Members of different political, socio-cultural and voluntary organizations also thronged the Shaheed Minar premises for paying last respect to the maestro.
Singer Rafiqul Alam said that people were immersed in Hindi film songs when Bachchu demanded their attention with his works in the 1980s and he had successfully turned people away from Hindi songs.
Colleagues indisputably hailed Bachchu’s contribution to music, remembering the role of Bachchu during the crucial days when the tide was turning in the industry as the digital format gradually began to displace the manual era recording.
‘It is a big deal to come to be regarded as a legend at the age of 56,’ said celebrated singer Naquib Khan.
‘Bachchu will be remembered for his work for a long time,’ he said.
Bachchu was found unconscious in his Maghbazar residence Thursday morning and was already dead by the time he was rushed to the hospital. Bachchu will be buried at Chattogram on Saturday.
Condolences and tributes continued to pour in over his death at home and from abroad. Singer Kabir Sumon is among the celebrities who sent their condolences following the musician’s death terming his passing away as a great loss to music.
Thespian Nasiruddin Yusuf Bachchu said Bachchu was always a favourite among the youth for his song that celebrated life and love.

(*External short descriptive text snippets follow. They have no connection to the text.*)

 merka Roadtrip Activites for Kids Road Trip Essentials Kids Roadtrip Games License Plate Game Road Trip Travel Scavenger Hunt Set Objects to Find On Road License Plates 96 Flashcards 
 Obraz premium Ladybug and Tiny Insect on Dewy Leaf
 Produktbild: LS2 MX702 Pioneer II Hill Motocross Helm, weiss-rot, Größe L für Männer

‘Bachchu will continue to influence the work of generations to come,’ said Nasiruddin Yusuf.
Around noon, at the end of the long line at Shaheed Minar stood Rustam, a 26-year-old youth, with a red rose in his hand. He said Bachchu inspired him to take music lessons and that he was learning to play keyboard.
‘I loved his song Ammajan so much,’ said Rustam, who came from Malibagh.

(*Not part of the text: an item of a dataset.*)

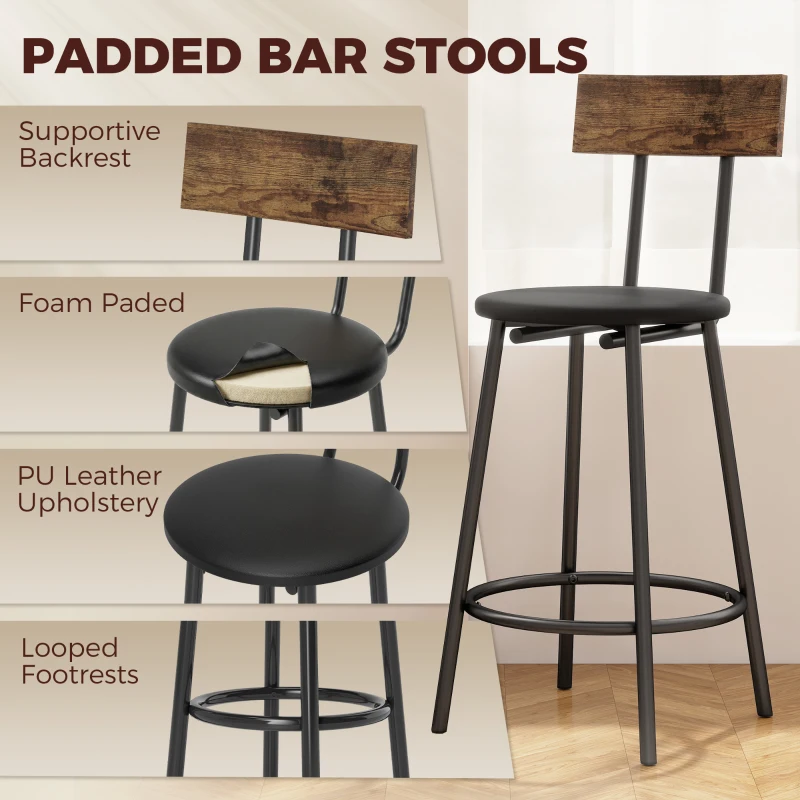 HOMCOM Bar Table Set Counter Height Barstools Set of 4 PU Cushioned Seats Rustic Brown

In front of him was Zariat, a 12-year-old boy, with a red rose in hand. He loved Bachchu’s famous number ‘Ek Akasher Tara Tui…’
A government car was parked beside them with its door open. The driver said that the younger brother of an influential secretary came to pay his last tribute to Bachchu. The brother was not there, perhaps standing somewhere in the line.
The driver found a way of paying tribute to the legend, by playing on the car stereo Bachchu’s famous number, ‘Shei Tumi Keno Eto Ochena Hole…’
Meanwhile repeated requests came through the loudspeaker urging people to move faster while paying their tributes in front of the coffin since thousands of people were waiting to attend the legend’s Janaza.
After the tribute was paid and the coffin was lifted to be taken to Eidgah for Janaza, those still in the line, running behind time, showered the coffin with the roses they had been holding in hand.
A crowd of over a hundred people gathered around the ambulance, which was to carry the body to the Eidgah, forming a human chain as they walked along the slowly moving car.
Some touched the car every now and then.
From behind came a final announcement from the loudspeaker, ‘We will miss you.’